[Crawled caption data]
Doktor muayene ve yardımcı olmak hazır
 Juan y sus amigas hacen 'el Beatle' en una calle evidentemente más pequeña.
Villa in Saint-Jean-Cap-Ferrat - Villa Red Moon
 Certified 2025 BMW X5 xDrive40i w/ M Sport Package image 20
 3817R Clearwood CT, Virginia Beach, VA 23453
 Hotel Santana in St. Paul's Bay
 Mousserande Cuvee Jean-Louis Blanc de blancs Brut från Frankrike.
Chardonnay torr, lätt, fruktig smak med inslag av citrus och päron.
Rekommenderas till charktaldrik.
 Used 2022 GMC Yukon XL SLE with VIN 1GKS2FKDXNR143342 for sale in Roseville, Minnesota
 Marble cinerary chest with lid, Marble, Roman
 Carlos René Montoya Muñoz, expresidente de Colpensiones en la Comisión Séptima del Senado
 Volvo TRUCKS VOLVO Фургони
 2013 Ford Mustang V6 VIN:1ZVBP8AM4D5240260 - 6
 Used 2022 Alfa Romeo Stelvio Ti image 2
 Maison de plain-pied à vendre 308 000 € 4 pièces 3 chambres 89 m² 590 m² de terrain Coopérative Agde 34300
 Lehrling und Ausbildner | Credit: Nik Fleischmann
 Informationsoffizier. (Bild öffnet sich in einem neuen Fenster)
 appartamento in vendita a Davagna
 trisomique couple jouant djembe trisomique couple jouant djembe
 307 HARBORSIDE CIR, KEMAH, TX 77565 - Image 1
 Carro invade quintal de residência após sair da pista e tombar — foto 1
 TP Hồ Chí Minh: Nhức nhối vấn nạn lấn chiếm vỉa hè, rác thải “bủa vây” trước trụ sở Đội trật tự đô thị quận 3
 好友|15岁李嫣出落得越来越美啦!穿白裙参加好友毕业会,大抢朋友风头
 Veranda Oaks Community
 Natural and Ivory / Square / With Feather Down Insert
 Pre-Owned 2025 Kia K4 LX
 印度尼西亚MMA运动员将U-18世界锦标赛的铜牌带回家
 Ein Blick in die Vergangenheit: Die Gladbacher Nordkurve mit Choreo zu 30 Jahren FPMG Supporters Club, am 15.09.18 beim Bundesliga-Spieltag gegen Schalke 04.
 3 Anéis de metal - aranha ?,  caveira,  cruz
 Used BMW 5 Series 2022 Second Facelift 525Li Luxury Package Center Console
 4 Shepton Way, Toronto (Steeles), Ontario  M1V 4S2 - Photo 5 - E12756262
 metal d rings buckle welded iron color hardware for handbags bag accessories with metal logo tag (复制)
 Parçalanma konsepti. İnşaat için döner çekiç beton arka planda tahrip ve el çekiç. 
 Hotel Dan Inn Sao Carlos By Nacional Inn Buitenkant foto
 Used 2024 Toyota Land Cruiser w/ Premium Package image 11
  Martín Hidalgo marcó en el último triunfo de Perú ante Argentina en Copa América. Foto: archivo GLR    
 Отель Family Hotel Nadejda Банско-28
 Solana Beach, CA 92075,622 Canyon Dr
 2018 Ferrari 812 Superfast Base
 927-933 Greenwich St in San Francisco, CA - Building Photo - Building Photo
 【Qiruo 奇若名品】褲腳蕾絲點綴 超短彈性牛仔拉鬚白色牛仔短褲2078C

AIM OF THE TASK: Among the records above, a stretch begins at the line containing "Used BMW 5 Series" and ends at the line containing "metal d rings". Restate that stretch word for word, and nothing else.

EXPECTED ANSWER:
 Used BMW 5 Series 2022 Second Facelift 525Li Luxury Package Center Console
 4 Shepton Way, Toronto (Steeles), Ontario  M1V 4S2 - Photo 5 - E12756262
 metal d rings buckle welded iron color hardware for handbags bag accessories with metal logo tag (复制)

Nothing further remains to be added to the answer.